421 F.2d 924
UNITED STATES of America, Plaintiff-Appellee,
Donald Barnes BRADLEY and Franklin DeWayne Calvert,
Nos. 18808, 18963.
United States Court of Appeals, Sixth Circuit.
Jan. 20, 1970.
Joseph R. Huddleston (Court-appointed) Bowling Green, Ky., for Donald Barnes Bradley; Huddleston & Huddleston, Bowling Green, Ky., on brief.
John David Cole (Court-appointed) Bowling Green, Ky., for Franklin DeWayne Calvert.
Ernest W. Rivers, U.S. Atty., Louisville, Ky., for appellee.
Before O'SULLIVAN, McCREE and COMBS, Circuit Judges.

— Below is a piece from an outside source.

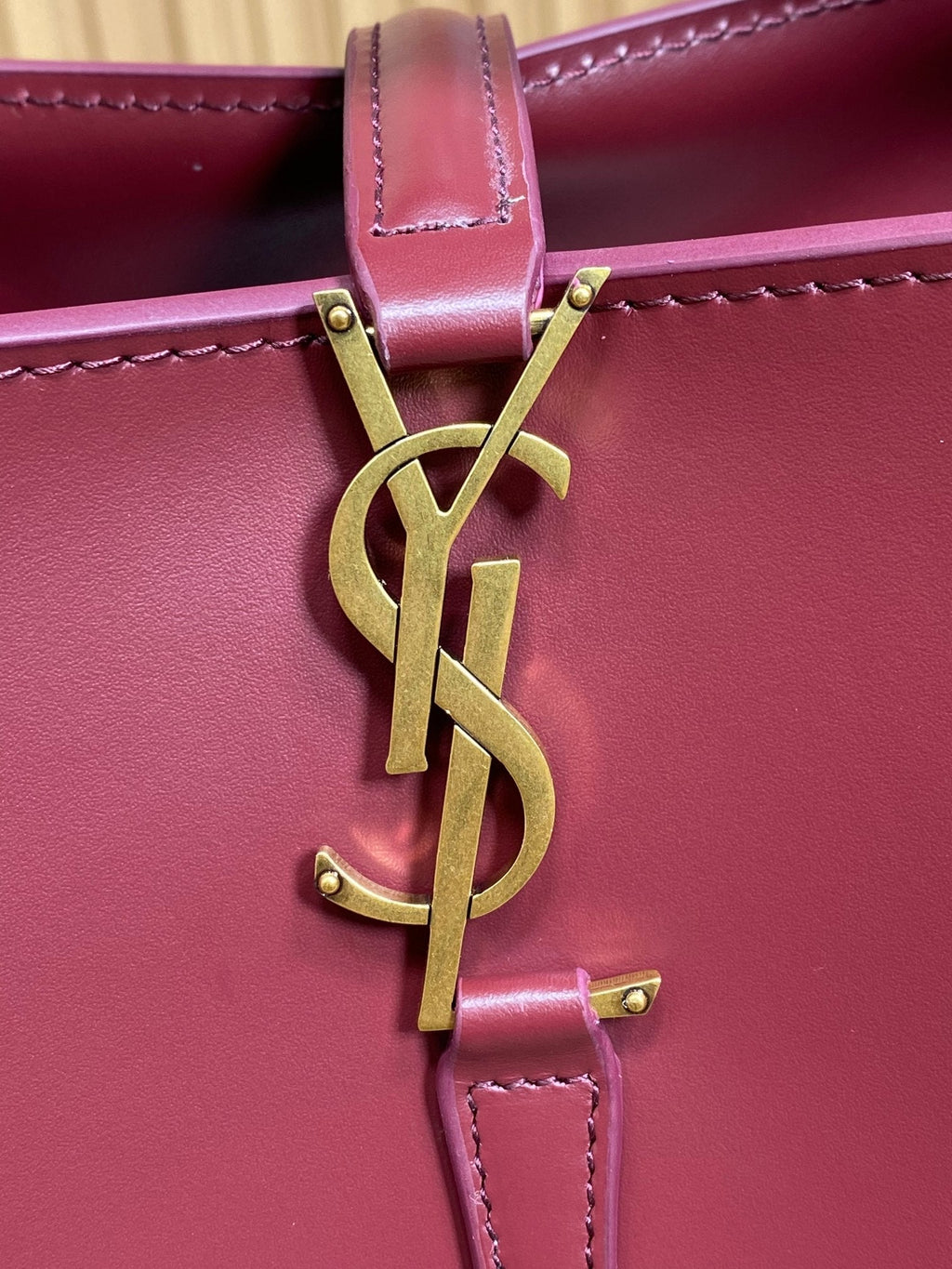 SAINT LAURENT LE 37 SMALL BUCKET BAG 20 IN BURGUNDY RED CALFSKIN GOLD HARDWARE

O'SULLIVAN, Circuit Judge.
Appellant Donald Barnes Bradley was indicted and charged with bank robbery in violation of 18 U.S.C. 2113(b), (Count 1). Appellant Franklin DeWayne Calvert was indicted and charged with aiding and abetting the robbery in violation of 18 U.S.C. 2113(b) and 2(a), (Count 2). Both men were further charged with conspiracy to rob the bank in violation of 18 U.S.C. 371, (Count 3). They were convicted on all counts at jury trial in the United States District Court for the Western District of Kentucky on December 8, 1967. Both men appeal on the ground that the evidence was insufficient to sustain their convictions. The appeals were consolidated for hearing in this Court.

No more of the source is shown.